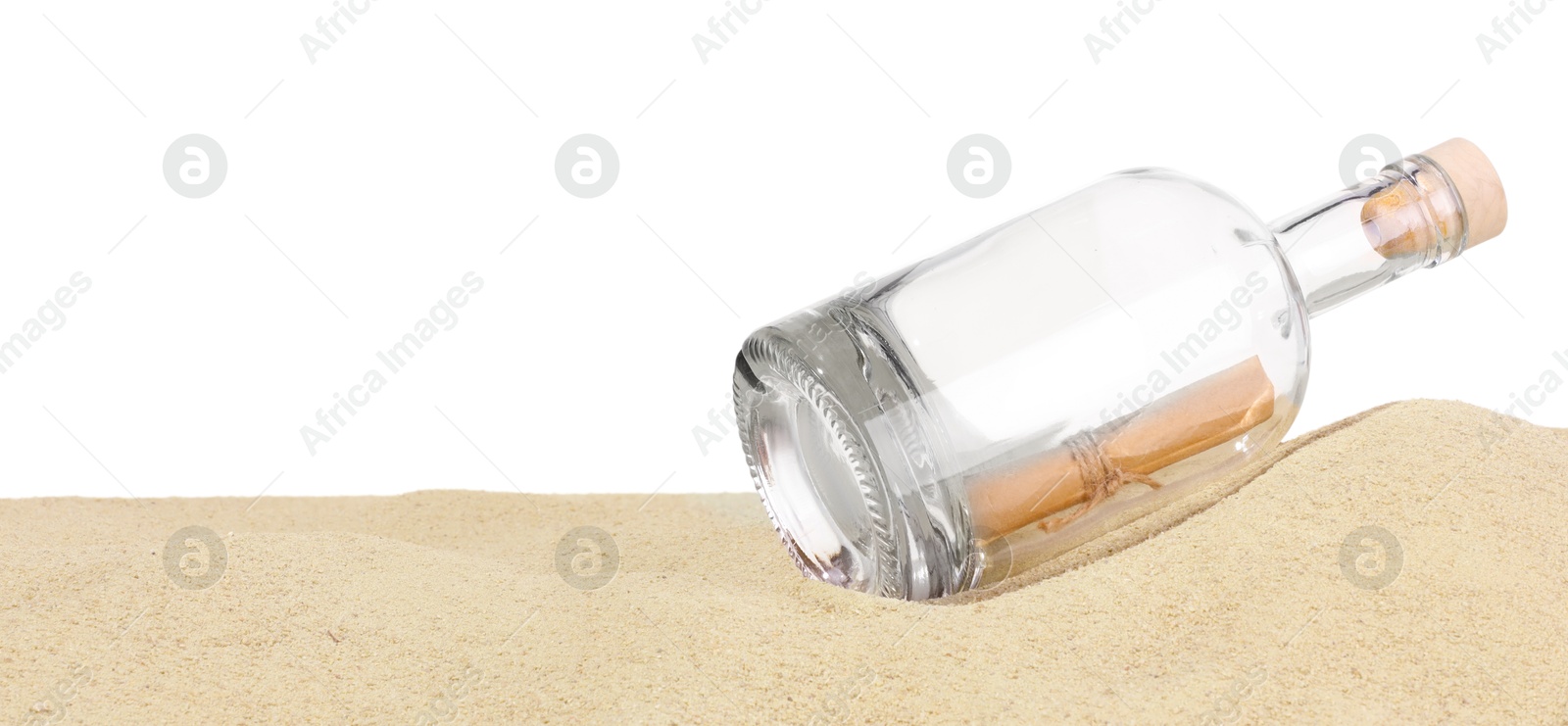 Photo of Rolled letter in corked glass bottle on sand against white background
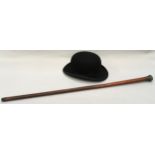 Dunn & Co. bowler hat together with a silver topped walking cane.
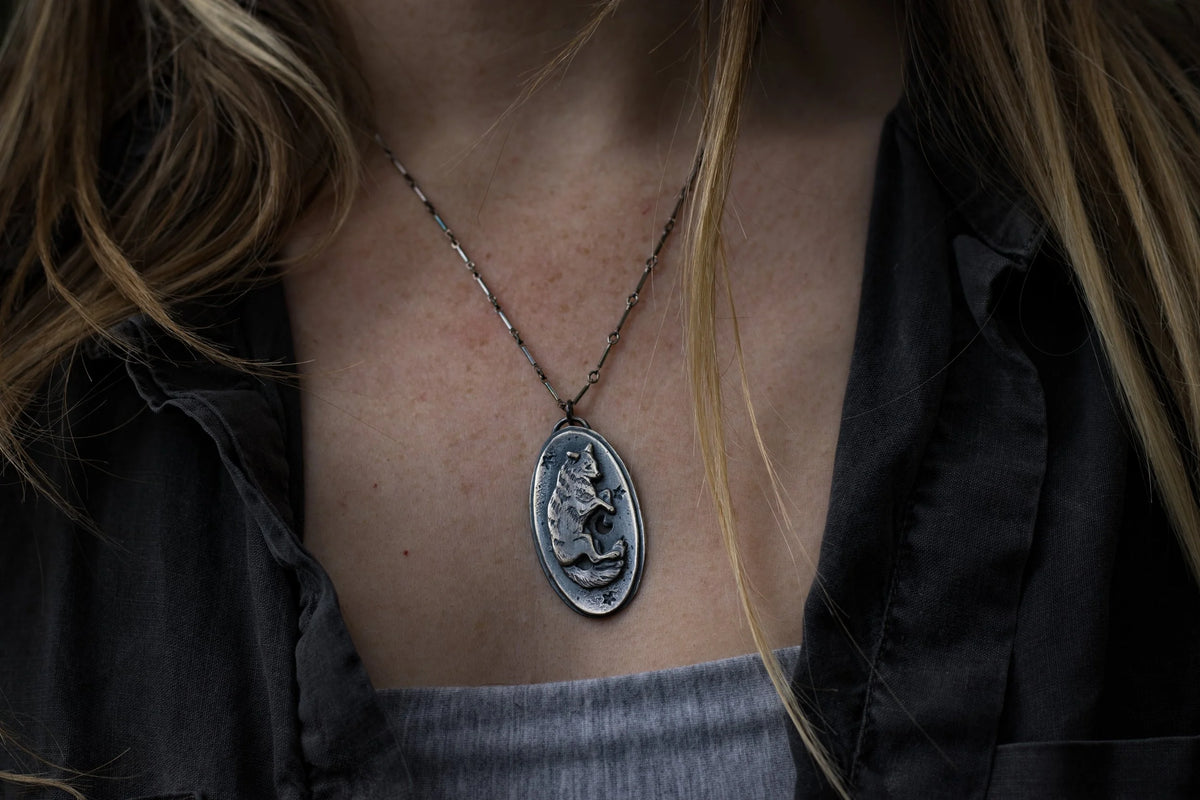 Celestial Canines - Silver Amulet, side view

○ ○ ○ ○

> [Aim of the exercise]
Restate word for word the lines starting at the one that contains "Dunn & Co. bowler" and ending at the last line of the data. Skip every picture.

> [Solution for this task]
 Dunn & Co. bowler hat together with a silver topped walking cane.
 Celestial Canines - Silver Amulet, side view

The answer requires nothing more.